Connie is the aging matriarch of the Laffey family. They've lived in Mango, a small town in Queensland, Australia for several generations and become synonymous with the landscape. As she flips through old family photo albums, Connie recalls the history of the family in detail, as a form of therapy. Her brother, Will, for whom she has always possessed a love more profound than brotherly has left home for the last time, having paid all his bills, said his goodbyes, and determined to seek his Creator on his own. Although Connie doesn't blame Will because she could never understand what growing up gay in such a culture could've really been like for him, she mourns for him.
First she remembers her son, Reever, who was a passionate hippy. He once lashed himself to a tree to protest the destruction of the rainforest for more roads. Despite her best efforts, Connie could never reign him in and constantly remained in a state of agony on his behalf. After Will leaves, Reever decides to travel solo up north to seek the place where his great grandfather first settled. He's following in the footsteps of his ancestors, but Reever's departure is tenuously linked with the self-destructive.

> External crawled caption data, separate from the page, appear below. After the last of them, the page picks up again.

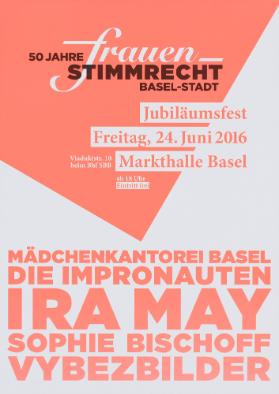 50 Jahre Frauenstimmrecht Basel-Stadt - Jubiläumsfest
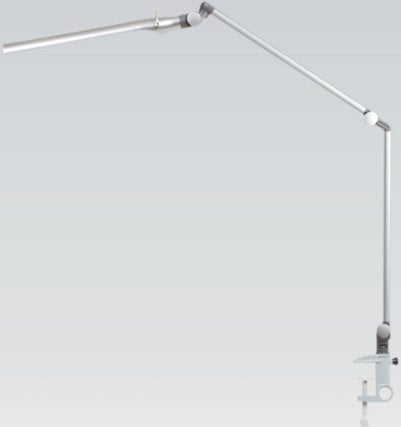 Draftsman 2500 by Lumiy - Silver Ultra Bright LED Desk Light Table Lamp with Captive Touch Controls for Brightness and Color Temperature and USB Charging for Smart Phone
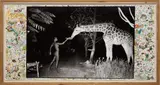 Peter Beard, Maureen and a late-night feeder, 2.00 am, Hog Ranch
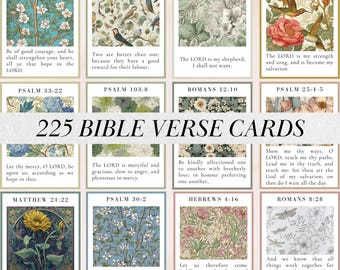 Printable Bible Verse Cards 225 Printable Scripture Cards Christian Wall Art, Faith Quotes Christian Vision Boards Bible Study Prayer Cards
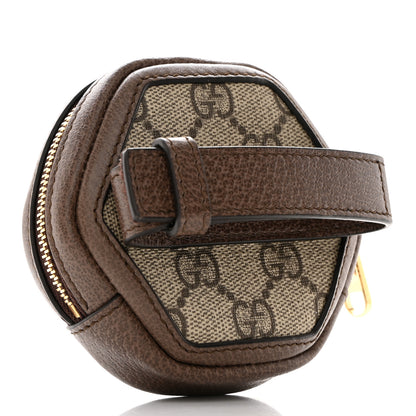 Gucci GG Supreme Monogram Web Ophidia Wrist Pouch Beige New Acero 3 of 8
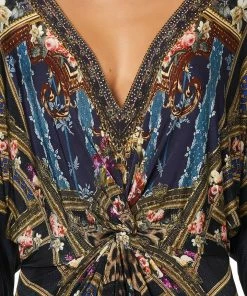 Camilla EBoutique (US) Up To 30% Off TWIST FRONT DRESS FIELDS OF TREASURE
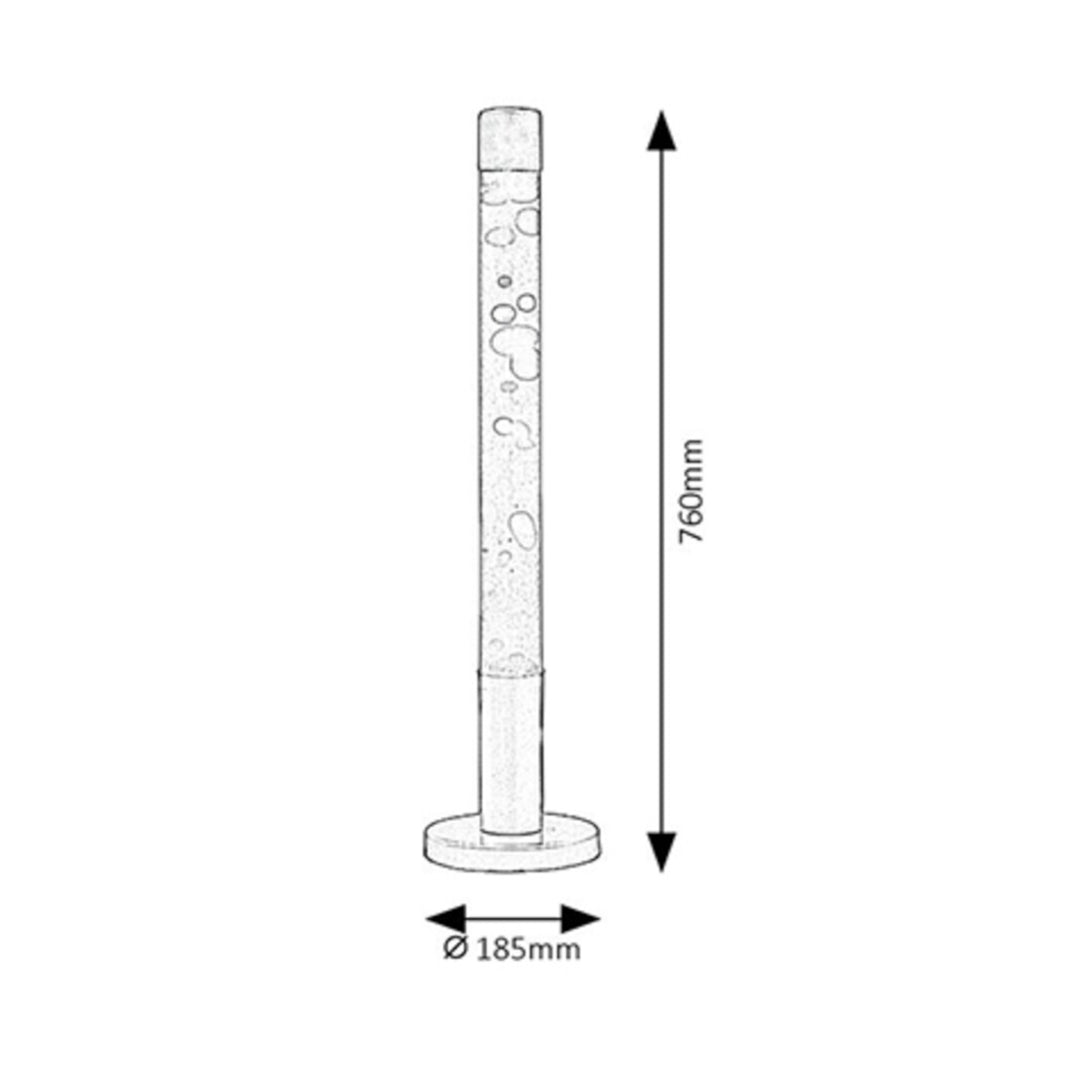 Dekorative Lampe Dovce Lavalampe, Glas, 40 Watt E14 40W Rot-gelb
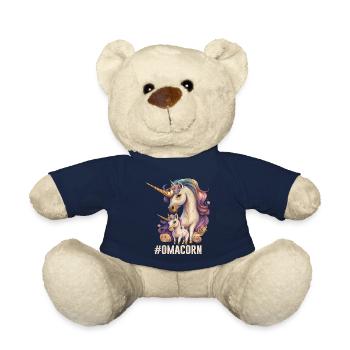 Oma Einhorn Muttertag Fans Grandma Omi - Teddy - French Navy - Vorne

In the 1860, Cornelius Laffey moved his family from Canada to Australia and worked as a journalist. He protests the racism against native Aboriginal peoples which the government allows and consequently gets fired. Cornelius and Jessica Olive, his wife, have two kids -- Nadine and George. Nadine gets pregnant young, works in a brothel until she dies young, and leaves her son, Harry, for Jessica to raise. George marries Mag and they give birth to Connie and Will. After George and Mag die unexpectedly Connie grows up with her brother in Harry and his wife, Clytie's, home. The family endures much hardship together, but one day Cornelius walks out on his family never to return. Harry is violently murdered. Eventually Connie and Will are on their own, so she determines to instill Reever with the family heritage so that he may continue the legacy.